Top of Dataset records

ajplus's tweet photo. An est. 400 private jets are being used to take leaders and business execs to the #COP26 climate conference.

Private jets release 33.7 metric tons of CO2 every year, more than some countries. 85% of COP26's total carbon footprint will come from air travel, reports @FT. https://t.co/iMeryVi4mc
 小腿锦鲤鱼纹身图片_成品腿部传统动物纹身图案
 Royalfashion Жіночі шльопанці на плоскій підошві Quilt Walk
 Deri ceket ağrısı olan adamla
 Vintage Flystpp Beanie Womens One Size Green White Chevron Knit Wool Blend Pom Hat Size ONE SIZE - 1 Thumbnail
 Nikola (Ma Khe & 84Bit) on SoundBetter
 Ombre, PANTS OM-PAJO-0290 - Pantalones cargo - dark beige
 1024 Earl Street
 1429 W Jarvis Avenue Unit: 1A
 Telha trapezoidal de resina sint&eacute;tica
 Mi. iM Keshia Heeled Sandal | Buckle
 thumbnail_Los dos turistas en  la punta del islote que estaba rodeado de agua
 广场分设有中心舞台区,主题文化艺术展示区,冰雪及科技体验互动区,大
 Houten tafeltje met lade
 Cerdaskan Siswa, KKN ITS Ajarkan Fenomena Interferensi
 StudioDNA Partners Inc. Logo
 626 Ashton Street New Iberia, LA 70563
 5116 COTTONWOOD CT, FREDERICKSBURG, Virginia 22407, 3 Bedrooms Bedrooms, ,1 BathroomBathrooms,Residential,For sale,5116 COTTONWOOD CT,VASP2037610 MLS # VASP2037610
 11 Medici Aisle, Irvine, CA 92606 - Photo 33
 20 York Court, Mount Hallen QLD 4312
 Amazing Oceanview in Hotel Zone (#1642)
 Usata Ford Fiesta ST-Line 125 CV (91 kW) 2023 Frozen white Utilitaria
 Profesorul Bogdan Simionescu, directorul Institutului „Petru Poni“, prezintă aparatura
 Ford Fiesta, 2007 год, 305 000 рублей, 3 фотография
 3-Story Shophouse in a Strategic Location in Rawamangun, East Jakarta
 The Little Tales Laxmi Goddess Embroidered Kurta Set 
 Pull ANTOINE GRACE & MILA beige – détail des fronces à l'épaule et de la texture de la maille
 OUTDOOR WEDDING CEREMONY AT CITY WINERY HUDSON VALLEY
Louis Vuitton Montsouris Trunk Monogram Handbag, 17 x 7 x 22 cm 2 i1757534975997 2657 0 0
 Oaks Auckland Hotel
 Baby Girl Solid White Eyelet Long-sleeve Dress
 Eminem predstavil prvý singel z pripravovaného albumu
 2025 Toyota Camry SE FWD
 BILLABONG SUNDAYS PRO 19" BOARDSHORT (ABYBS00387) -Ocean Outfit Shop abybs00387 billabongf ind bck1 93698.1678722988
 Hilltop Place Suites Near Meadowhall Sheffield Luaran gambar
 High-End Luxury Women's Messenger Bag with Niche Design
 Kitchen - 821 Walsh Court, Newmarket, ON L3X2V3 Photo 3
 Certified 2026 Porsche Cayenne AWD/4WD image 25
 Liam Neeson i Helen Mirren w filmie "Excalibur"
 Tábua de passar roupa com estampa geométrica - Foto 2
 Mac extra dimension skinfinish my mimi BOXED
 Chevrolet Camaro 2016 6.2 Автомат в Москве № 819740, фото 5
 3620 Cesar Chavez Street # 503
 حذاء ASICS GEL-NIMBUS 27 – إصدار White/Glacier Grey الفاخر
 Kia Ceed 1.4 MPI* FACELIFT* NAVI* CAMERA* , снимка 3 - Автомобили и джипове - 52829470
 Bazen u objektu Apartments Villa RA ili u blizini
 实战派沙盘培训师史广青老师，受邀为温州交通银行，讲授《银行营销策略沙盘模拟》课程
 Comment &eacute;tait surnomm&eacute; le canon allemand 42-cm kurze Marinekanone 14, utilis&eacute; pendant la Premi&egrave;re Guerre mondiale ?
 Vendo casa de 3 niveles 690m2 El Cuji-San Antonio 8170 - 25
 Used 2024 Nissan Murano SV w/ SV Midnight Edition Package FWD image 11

Bottom of Dataset records

From the records above, quote only the lines running from the line with "Nikola (Ma Khe & 84Bit) on SoundBetter" to the line with "Amazing Oceanview in Hotel Zone (#1642)", both lines included.

**Answer to the exercise**
 Nikola (Ma Khe & 84Bit) on SoundBetter
 Ombre, PANTS OM-PAJO-0290 - Pantalones cargo - dark beige
 1024 Earl Street
 1429 W Jarvis Avenue Unit: 1A
 Telha trapezoidal de resina sint&eacute;tica
 Mi. iM Keshia Heeled Sandal | Buckle
 thumbnail_Los dos turistas en  la punta del islote que estaba rodeado de agua
 广场分设有中心舞台区,主题文化艺术展示区,冰雪及科技体验互动区,大
 Houten tafeltje met lade
 Cerdaskan Siswa, KKN ITS Ajarkan Fenomena Interferensi
 StudioDNA Partners Inc. Logo
 626 Ashton Street New Iberia, LA 70563
 5116 COTTONWOOD CT, FREDERICKSBURG, Virginia 22407, 3 Bedrooms Bedrooms, ,1 BathroomBathrooms,Residential,For sale,5116 COTTONWOOD CT,VASP2037610 MLS # VASP2037610
 11 Medici Aisle, Irvine, CA 92606 - Photo 33
 20 York Court, Mount Hallen QLD 4312
 Amazing Oceanview in Hotel Zone (#1642)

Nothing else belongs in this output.